If your spouse is receiving benefits and they pass away, many times there is a way for you or your child to continue receiving those benefits after their death so that your financial future is not completely insecure. The death must be reported immediately so that Social Security does not continue to pay out benefits to someone who has passed. However, at that point, survivor’s benefits may take place instead.
Survivor’s benefits can go to:
1) Any widow or widower who is 60 or older,
2) A widow or widower who is disabled and over 50,
3) A widow or widower at any age who is caring for the deceased’s child that is under 16 years of age and disabled,
4) A surviving divorced spouse under specific circumstances-the marriage must have last 10 years or more,
5) An unmarried child of the deceased
6) Parents who are 62 or older that were dependent on the deceased for half of their support
7) A stepchild, grandchild, adopted child, or step grandchild under specific circumstances.

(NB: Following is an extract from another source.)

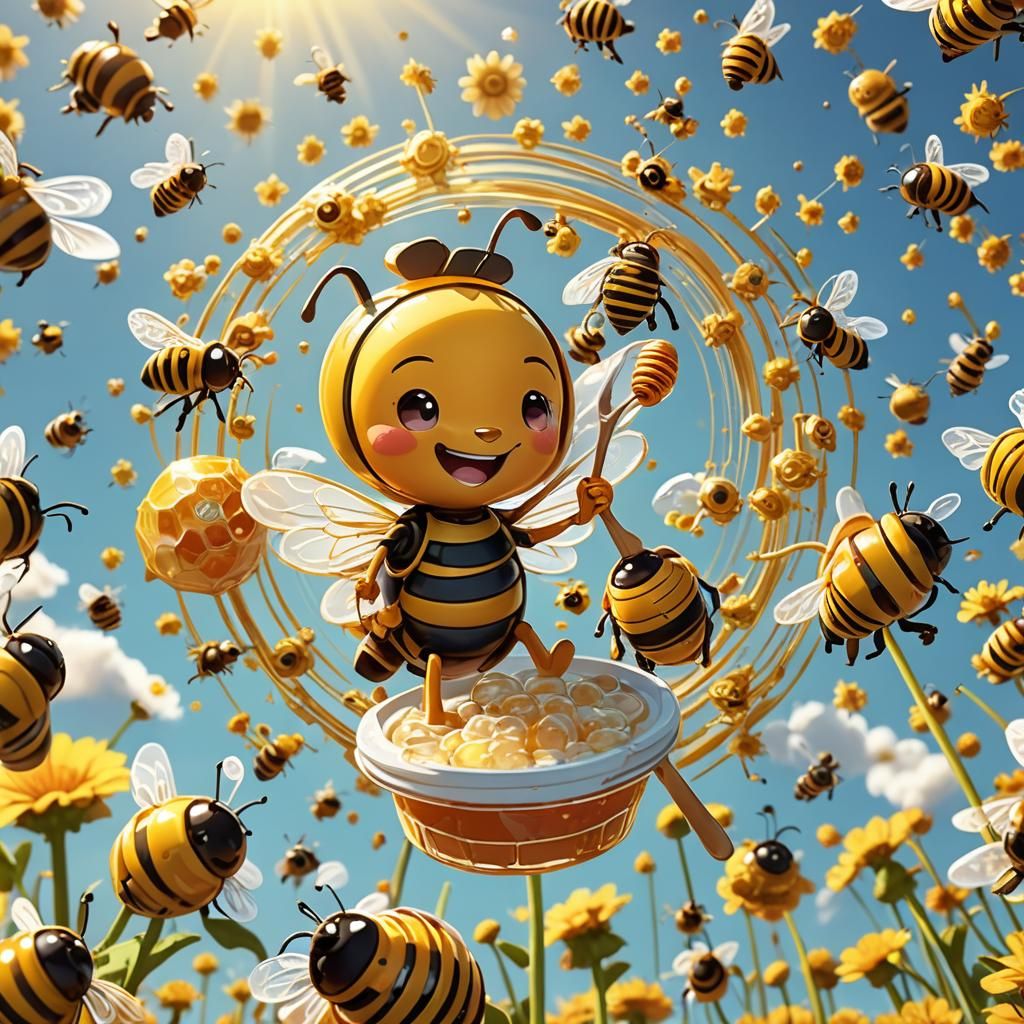 Cute 3D Anime Honey with Happy Bees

The benefits that you are eligible to receive would depend on the earnings of your spouse, and it would be a percentage of their Social Security amount. It is also important to note that if you remarry before you are 60 years of age, you will no longer be able to receive benefits. Any remarriage after 60, however, still allows you to qualify for benefits from your deceased spouse.
The Social Security system can seem daunting if you are dealing with a death but be sure to call and see if survivor benefits can help during this difficult time.